Solution: Keep the nasties off your PC.
The major defensive-computing software companies have been slow to develop tools to fight this stuff. While some companies like Symantec and Trend Micro have tools that will work on some phones, many developers have held back to see exactly which direction the bad guys take. Now that threats are evolving, the defensive measures will evolve also.
But until then, to stay as safe as possible, use a non-Bluetooth phone that doesn’t have Internet or messaging capability. Stick with the manufacturer’s preinstalled ringtones, and keep your phone in your pocket at all times. If you keep the gates closed and constantly stand there watching them, you should be safe.

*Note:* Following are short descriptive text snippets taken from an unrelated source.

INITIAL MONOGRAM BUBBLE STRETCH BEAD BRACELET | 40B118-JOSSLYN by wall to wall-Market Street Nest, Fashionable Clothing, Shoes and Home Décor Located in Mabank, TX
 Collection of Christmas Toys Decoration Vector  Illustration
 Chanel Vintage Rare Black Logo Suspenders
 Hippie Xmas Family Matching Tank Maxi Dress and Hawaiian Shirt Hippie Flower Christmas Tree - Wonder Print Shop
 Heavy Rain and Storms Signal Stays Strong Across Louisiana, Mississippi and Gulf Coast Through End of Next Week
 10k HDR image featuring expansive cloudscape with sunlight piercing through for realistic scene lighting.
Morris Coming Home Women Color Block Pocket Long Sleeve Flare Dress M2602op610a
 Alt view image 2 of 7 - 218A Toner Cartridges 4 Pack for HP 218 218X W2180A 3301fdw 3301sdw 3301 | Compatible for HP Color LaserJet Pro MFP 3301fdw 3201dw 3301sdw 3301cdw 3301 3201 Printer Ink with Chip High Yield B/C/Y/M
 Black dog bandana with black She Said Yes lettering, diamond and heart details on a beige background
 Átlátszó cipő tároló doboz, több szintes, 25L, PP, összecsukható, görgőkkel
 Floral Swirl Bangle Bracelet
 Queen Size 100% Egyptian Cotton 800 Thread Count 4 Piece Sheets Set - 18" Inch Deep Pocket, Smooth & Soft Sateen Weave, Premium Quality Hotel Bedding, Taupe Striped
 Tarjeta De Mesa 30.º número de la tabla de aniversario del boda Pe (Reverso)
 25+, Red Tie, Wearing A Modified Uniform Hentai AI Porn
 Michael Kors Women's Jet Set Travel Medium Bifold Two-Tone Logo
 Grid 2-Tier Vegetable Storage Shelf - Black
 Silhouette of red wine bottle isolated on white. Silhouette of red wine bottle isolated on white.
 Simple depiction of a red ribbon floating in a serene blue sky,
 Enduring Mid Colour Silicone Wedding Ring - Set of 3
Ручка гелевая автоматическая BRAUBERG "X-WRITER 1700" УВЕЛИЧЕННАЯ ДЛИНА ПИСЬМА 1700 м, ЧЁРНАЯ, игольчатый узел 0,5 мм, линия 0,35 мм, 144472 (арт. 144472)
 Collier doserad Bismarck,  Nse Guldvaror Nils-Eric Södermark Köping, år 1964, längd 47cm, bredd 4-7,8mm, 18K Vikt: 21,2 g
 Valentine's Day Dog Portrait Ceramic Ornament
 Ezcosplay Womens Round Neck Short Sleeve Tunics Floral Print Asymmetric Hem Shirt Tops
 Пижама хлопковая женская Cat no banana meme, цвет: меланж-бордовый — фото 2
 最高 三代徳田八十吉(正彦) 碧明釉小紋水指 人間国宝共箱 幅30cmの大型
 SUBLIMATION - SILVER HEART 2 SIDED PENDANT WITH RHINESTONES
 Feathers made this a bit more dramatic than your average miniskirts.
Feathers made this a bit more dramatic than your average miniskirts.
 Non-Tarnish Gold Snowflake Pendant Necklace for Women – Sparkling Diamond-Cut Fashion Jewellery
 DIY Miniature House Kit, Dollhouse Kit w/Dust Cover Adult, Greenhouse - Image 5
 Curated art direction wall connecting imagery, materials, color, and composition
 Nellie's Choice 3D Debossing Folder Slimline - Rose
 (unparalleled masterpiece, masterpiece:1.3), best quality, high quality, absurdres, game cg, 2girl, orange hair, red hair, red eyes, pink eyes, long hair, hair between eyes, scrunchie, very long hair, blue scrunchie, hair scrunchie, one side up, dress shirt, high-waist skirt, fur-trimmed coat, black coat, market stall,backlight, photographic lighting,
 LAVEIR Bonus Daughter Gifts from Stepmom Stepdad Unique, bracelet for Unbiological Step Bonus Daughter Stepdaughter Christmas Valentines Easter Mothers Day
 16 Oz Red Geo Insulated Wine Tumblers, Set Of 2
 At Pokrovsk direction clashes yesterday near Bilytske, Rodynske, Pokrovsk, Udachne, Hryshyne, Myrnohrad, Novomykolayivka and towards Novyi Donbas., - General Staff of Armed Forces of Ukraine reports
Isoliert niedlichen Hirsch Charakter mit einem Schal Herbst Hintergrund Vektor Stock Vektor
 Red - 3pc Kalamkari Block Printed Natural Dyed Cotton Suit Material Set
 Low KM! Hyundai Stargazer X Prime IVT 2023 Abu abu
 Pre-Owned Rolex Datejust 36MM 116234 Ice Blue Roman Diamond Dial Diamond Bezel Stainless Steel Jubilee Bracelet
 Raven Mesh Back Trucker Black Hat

At least for a little while.
Stay safe, and wear your vest.
Avoid the Backup Loop
Cell phones are a great backup, but don’t get caught in a backup loop. This happened during the emergency response to Hurricane Katrina. The emergency communications plan for New Orleans called for cell phones to provide
backup for land lines, and vice versa. Of course, when both networks went down, a very bad situation got worse.
One particular cell provider (which shall remain nameless) set up its network so that its phones could not roam on other providers’
networks. When this provider’s network went down, so did its phones, and its phones are very popular in law enforcement. One friend of mine who was part of the law enforcement response to the disaster told me they were
borrowing phones that would work from other teams. Now imagine the difficulties if the radio network was down also, which it was.